- **What this task involves**:
In the data below, reproduce everything exactly except the images.

Top of Supplied data

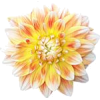 Flower - Ostalo - 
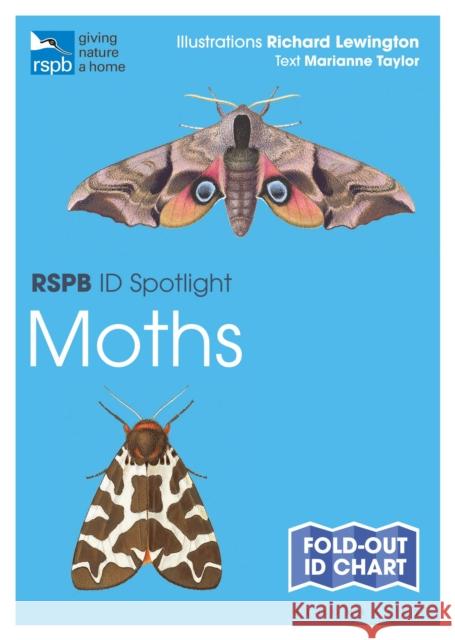 RSPB ID Spotlight - Moths Marianne Taylor Richard Lewington 9781472974297 Bloomsbury Publishing PLC - książka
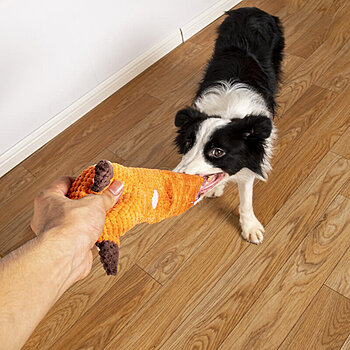 interactive fox dog toy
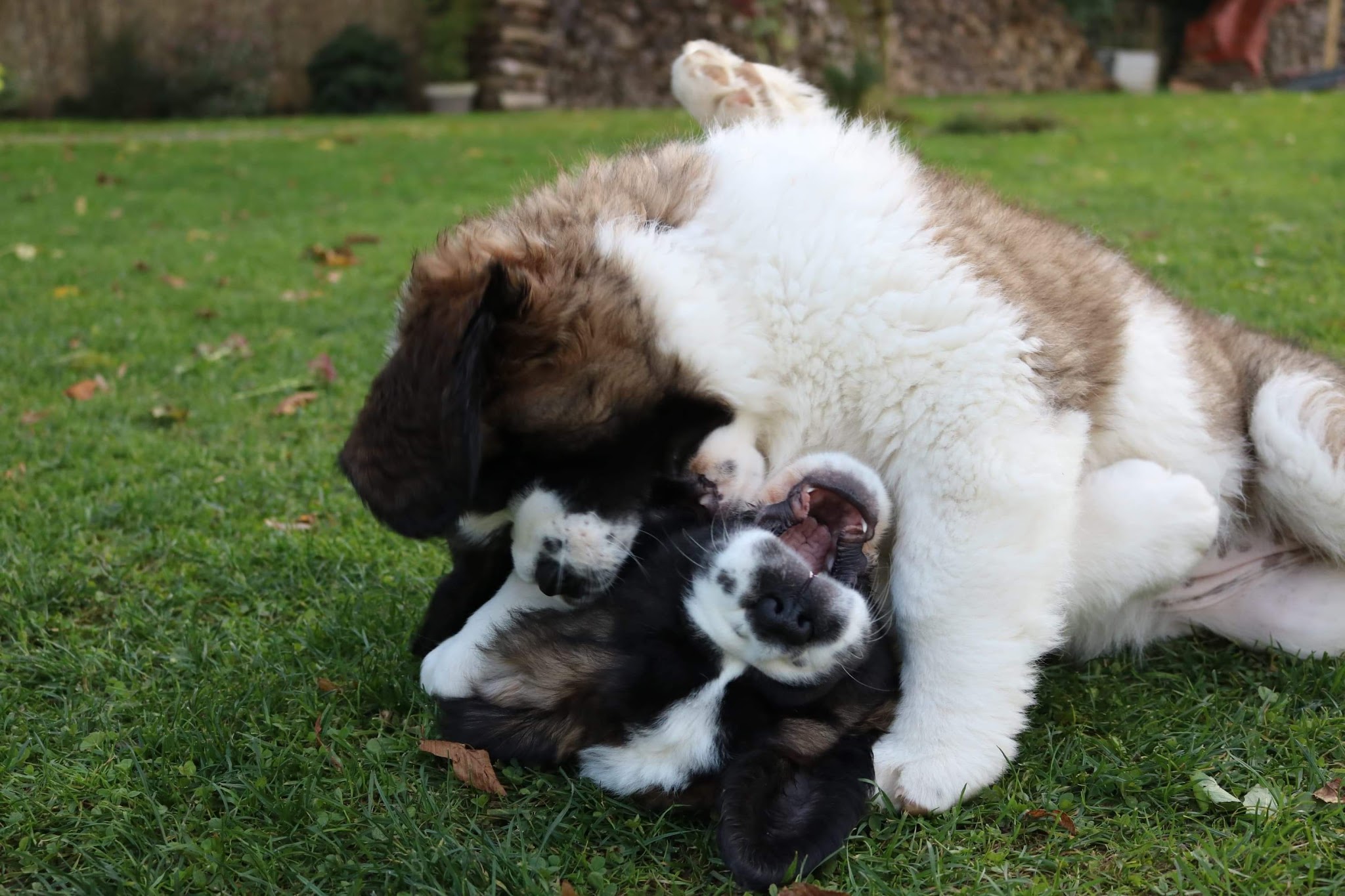 Les Saint-Bernard du Bois du Marais : Élevages de saint-bernard et Pension canine dans le Pas-de-Calais Nord France — photo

Bottom of Supplied data

- **Answer area**:
 Flower - Ostalo - 
 RSPB ID Spotlight - Moths Marianne Taylor Richard Lewington 9781472974297 Bloomsbury Publishing PLC - książka
 interactive fox dog toy
 Les Saint-Bernard du Bois du Marais : Élevages de saint-bernard et Pension canine dans le Pas-de-Calais Nord France — photo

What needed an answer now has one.